20.11.20

Poeira que não ganha morada

Ólafur Arnalds, “Oceans”, in https://www.youtube.com/watch?v=oKUxUWY2vLk

Ninguém sabe do cabresto e a miúfa trepa pelas veias sem precisar de rastilho. Reconhece-se a instalação da miséria que empobrece as almas. As almas anestesiam-se diante do medo. Experimentam o diagnóstico dos dias. Trazem um pouco do ar diurno à boca. São escanções do ar limítrofe. Atestam que está fora de prazo. E, todavia, é este ar empestado que combina com o calendário irrenunciável.

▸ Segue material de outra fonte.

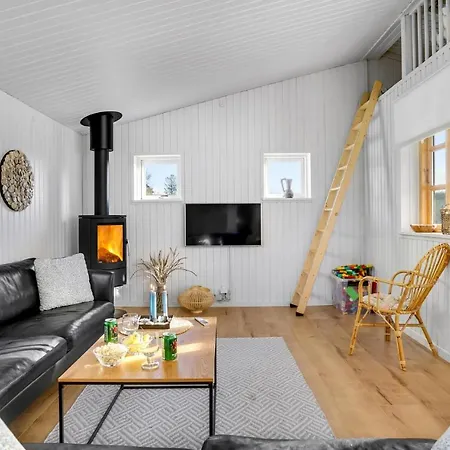 Lovely Home In Otterup With Wifi *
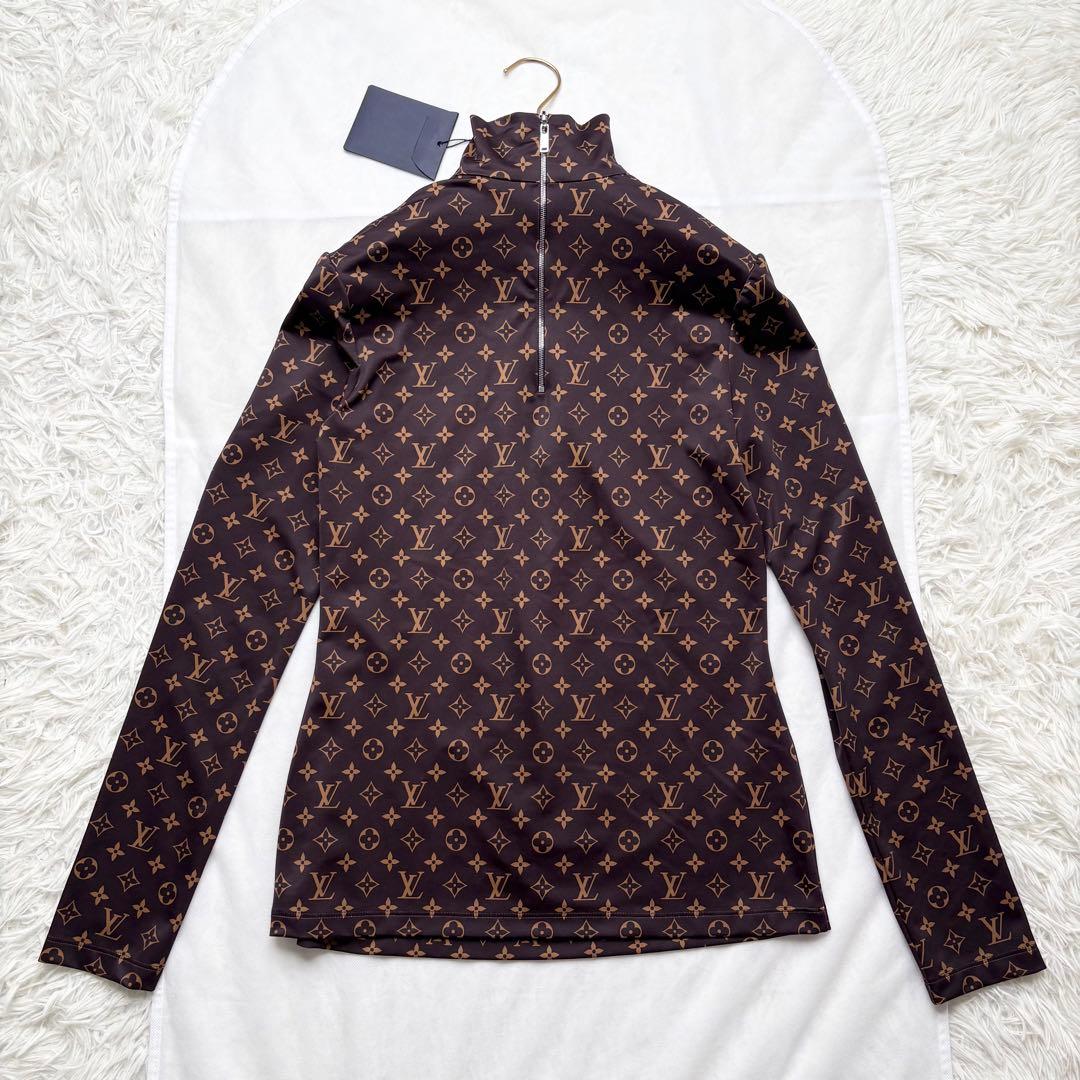 ルイヴィトン タグ付き新品未使用 モノグラム総柄ブラウス バックファスナー ロゴ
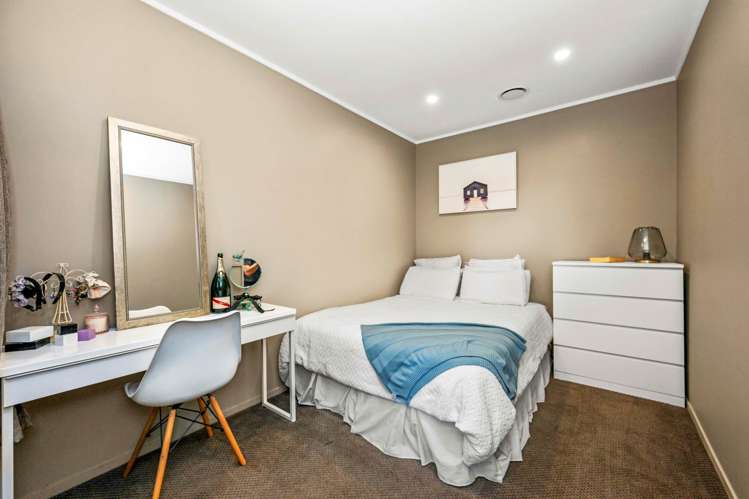Unit 1/153 Hepburn Road Glendene_6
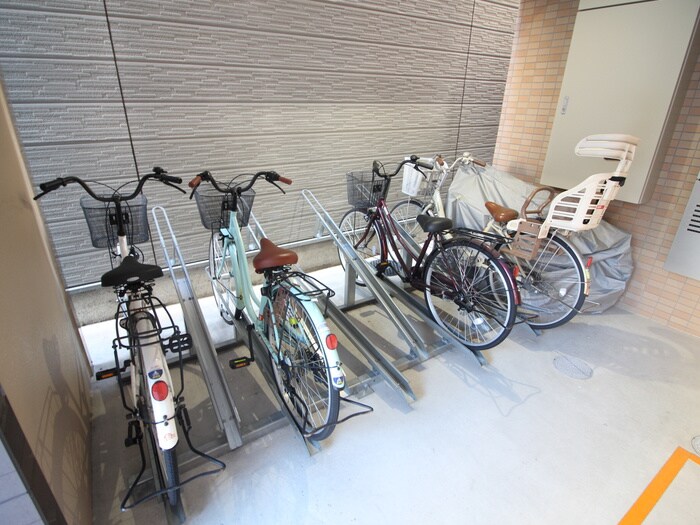 物件外観写真6　(駐輪場)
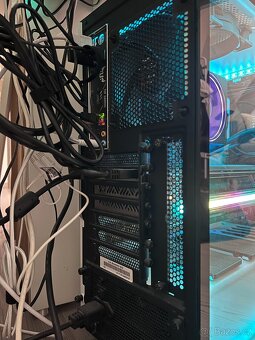 Herní počítač AMD - 4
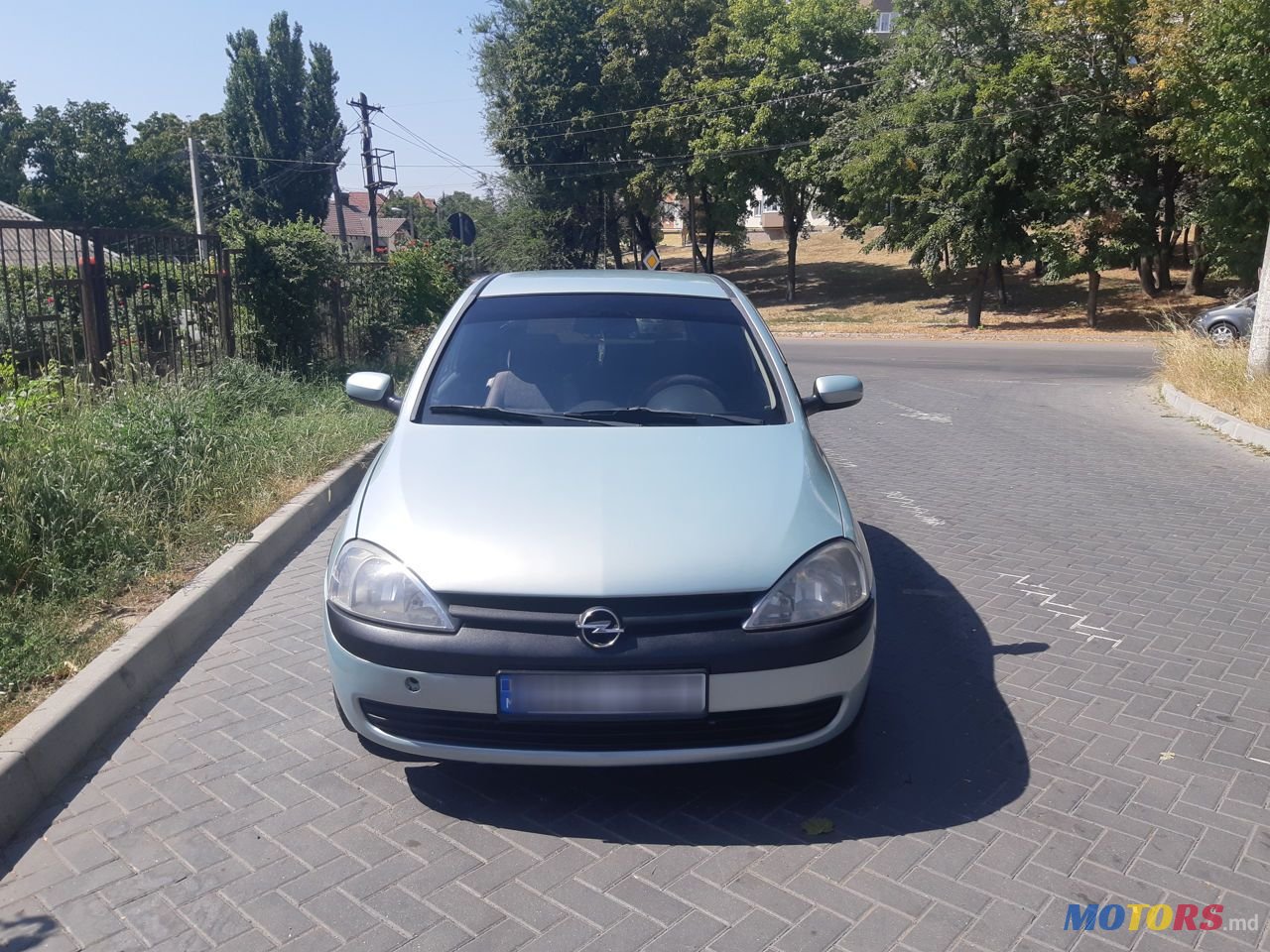 2001' Opel Corsa photo #1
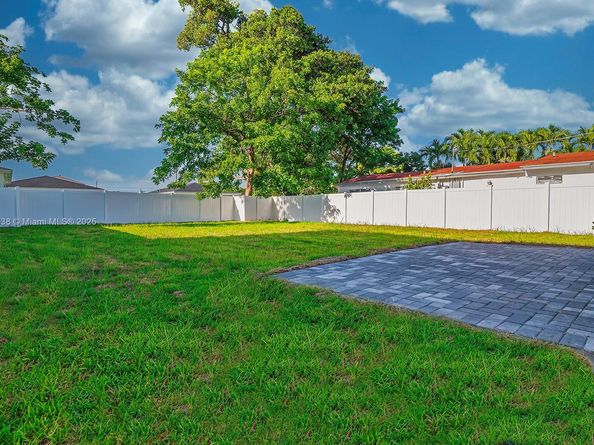 312 NW 9th St, Hallandale Beach FL 33009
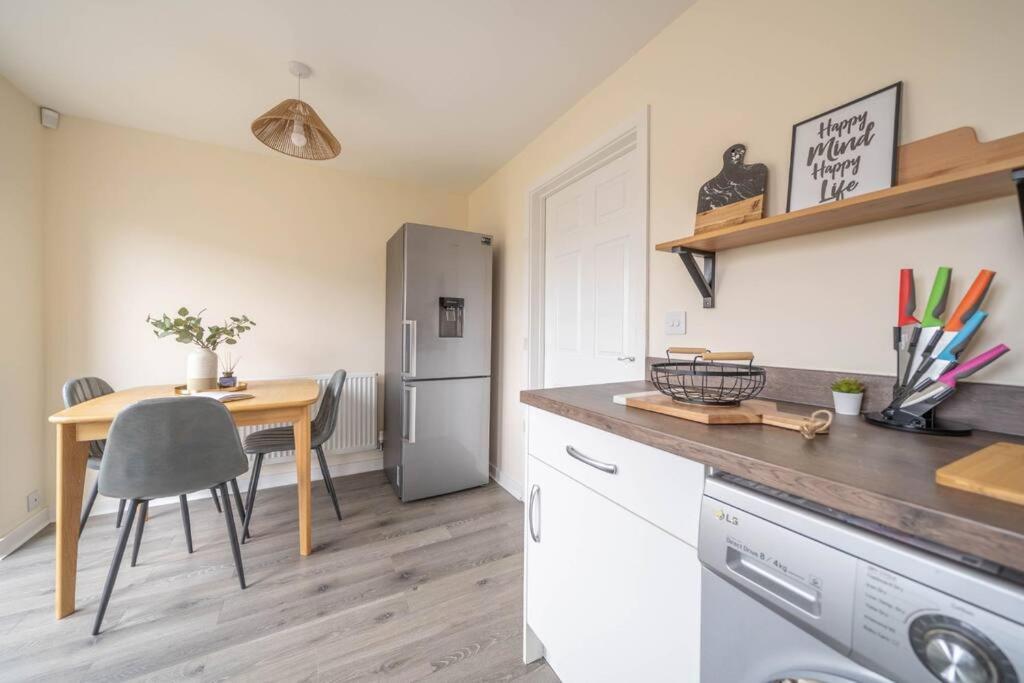 Ferienwohnung Good For Company Let 2-Bed In Coventry 2X Parking Exterior foto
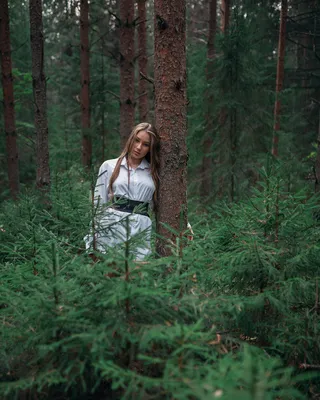 Красота природы: фото девушек среди деревьев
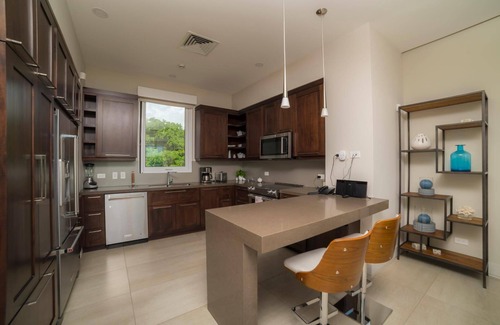 Herradura Apartamento | Miramar 6A 3 Bedr 3 Bath Ocean View
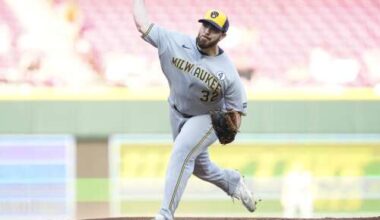 Brewers trade RHP Aaron Civale to White Sox for 1B Andrew Vaughn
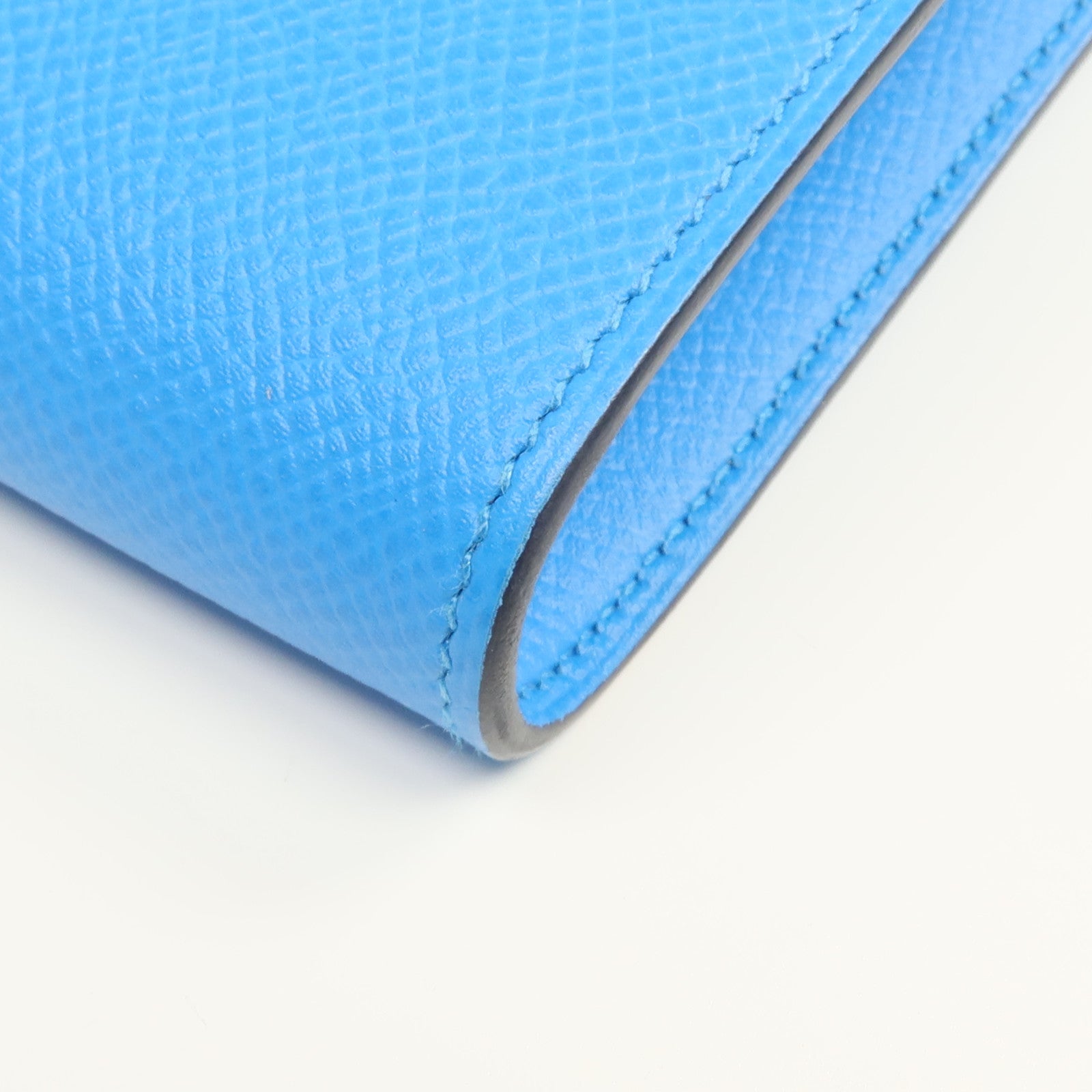 HERMES Epsom皮革Kelly To Go銀扣肩背袋Bleu Frida/Rouge Sellier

Amadrinha-se a esperança, atrelando-a aos dias vindouros de que nada se sabe. Há juras do estiolar do palco misantropo desenhado em apocalípticos pesares, do palco servido como armadilha. Advogados do futuro devolvido desfilam com seu sorriso descompassado, cuidam de nos convencer que estamos dentro de um parêntesis e que amanhã as palavras voltam a adejar, irrestritas, em portadas radiosas. Seremos, então, de novo tutores dos parágrafos, sem estarmos à mercê de mastins sem paradeiro que semeiam o sobressalto contínuo e adulteram a gramática do ser.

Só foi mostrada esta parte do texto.